2000s: Websites go from nice-to-have to essential marketing channel
Content Management Systems (CMS) like Interwoven, Vignette and WordPress emerge with WYSIWYG capabilities, enabling marketers to create and edit content without the help of IT. But changing the experience requires developer intervention
2010s: Basis for the Digital Experience Platform (DXP) emerges
The focus begins to shift from managing content to managing experiences. Platforms like Adobe and Sitecore emerge, enabling marketers to build webpages using composable libraries of marketing assets, thanks to integrated DAM and content systems. Still, scale is limited by the output of any single worker and their ability to manually create content and set personalization rules for combining different assets together, based on assumptions about different personas.
Also, commerce and content remain disconnected, managed through disparate experience management and commerce solutions. This leaves customers with a disjointed, clunky experience and hinders marketers from using content to support their entire funnel.
Today: Holistic martech solutions power connected customer experiences
The marriage of omnichannel content and commerce is realized through DXPs like Episerver (now Optimizely), Sitecore and Adobe that seamlessly integrate the content and commerce sides of the funnel. Moreover, AI-powered CDPs, and DAMs allow marketers to deliver individualized customer experiences at scale. Finally, marketing goals and technological capabilities work in lockstep to deliver the future of experience management.
A holistic martech strategy delivers next-gen customer experiences
Providing personalized experiences is now table stakes. Every customer expects an experience as seamless, as suggestive, and as personalized as Amazon.
The speed at which personalization experiences are delivered will separate leaders from laggard.

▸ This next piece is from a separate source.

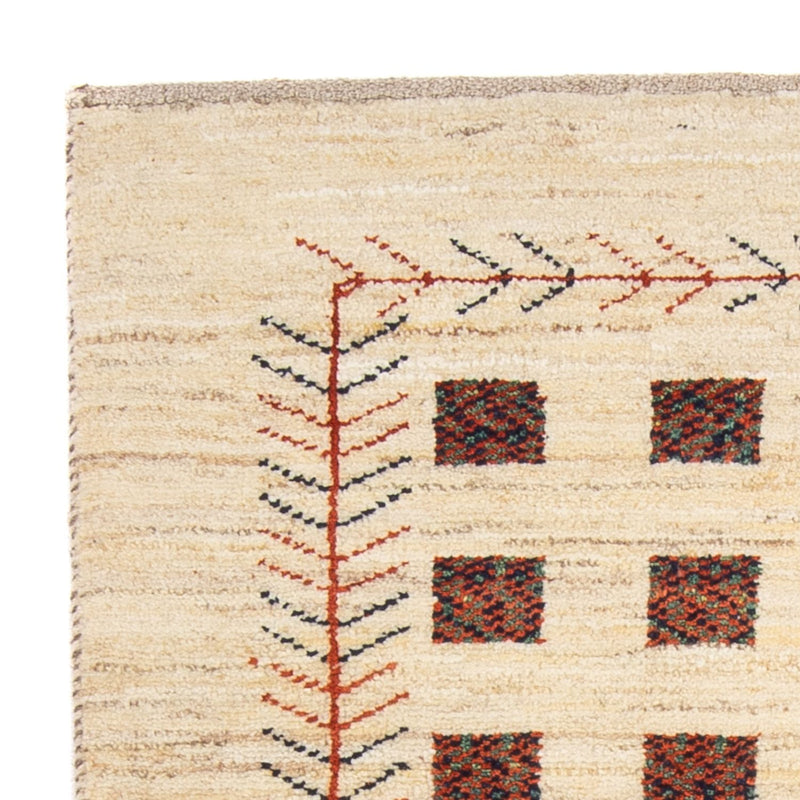 Gabbeh-tæppe - Persisk - 135 x 84 cm - beige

According to McKinsey, companies that outpace slower-moving peers drive 40% more of their revenue from personalization.
Fortunately, today’s martech platforms are designed to play well with each other and empower truly personalized experiences. Brands must develop the right content strategy and choose the optimal technology to support it, such as:
- Customer data management: Apple’s iOS 14 update and Google’s crackdown on cookies have signaled the death knell for third-party data. Marketers must pivot quickly to leveraging first-party data through CDPs. These platforms marry customer data across multiple channels, enabling marketers to deliver personalized experiences based on actual customer behavior (rather than broad assumptions).

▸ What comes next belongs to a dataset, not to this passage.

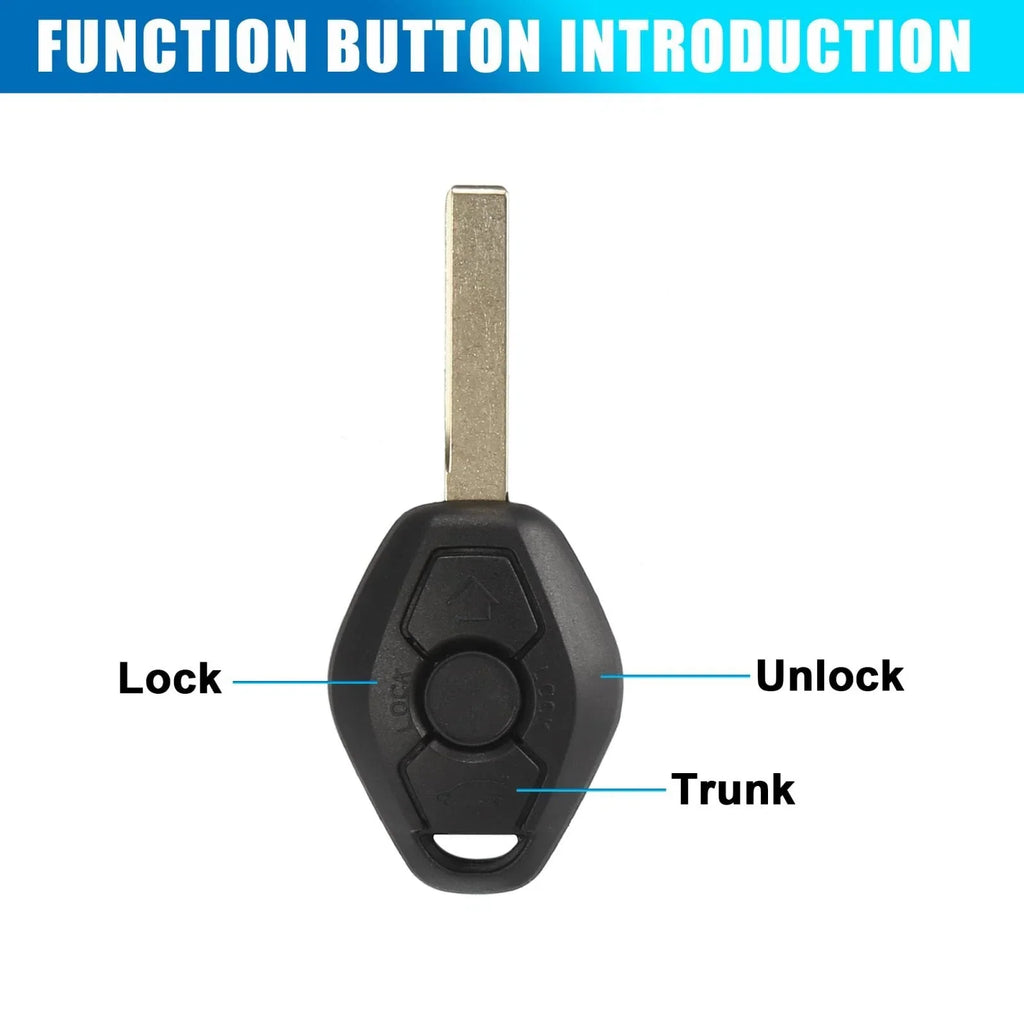3 Button 868MHz Fob Entry Car Remote Key for BMW 5 Series E60 E61 (2003-2007)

- Marketing orchestration: Marketing workflow tools help marketers plan, develop and distribute content for marketing campaigns and power personalized experiences. Creation and collaboration take place in one centralized place, ensuring no permissions slip through the cracks while connecting content and assets from multiple systems.
- Digital asset management: all content assets can be managed from a single location for use across the marketing ecosystem. Different assets can be tagged for different personas, channels and formats, allowing marketers to deploy them at scale for use in personalized content experiences powered by AI.

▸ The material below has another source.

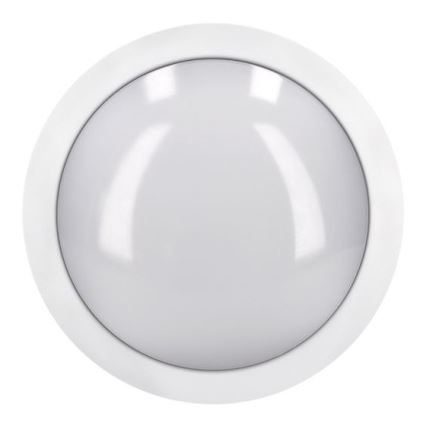 Вуличний світлодіодний стельовий світильник SIENA LED/13W/230V IP54 діаметр 17 см білий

- AI-powered personalization and experimentation: This is the last piece of the puzzle. Today’s digital experience platforms include powerful AI-governed optimization capabilities that rely on real-time behavior and first-party data collected via a Customer Data Platform (CDP). They can combine assets on a 1:1 basis that feels timely and relevant, driving engagement. Instead of manually developing the content experiences themselves – an approach that was always too slow – marketers can learn from experiments and AI to scale better digital outcomes.
Succeeding in the Next Phase of Experience Management
The past decade has witnessed the rise of an AI-driven content experience, and consumers expectations to match. In order to stay ahead of customer needs vs. reacting, you must make the right decisions when designing your digital transformation strategy. The right platforms and agency partners help you connect the dots, and understand the various tools will be leveraging customer data.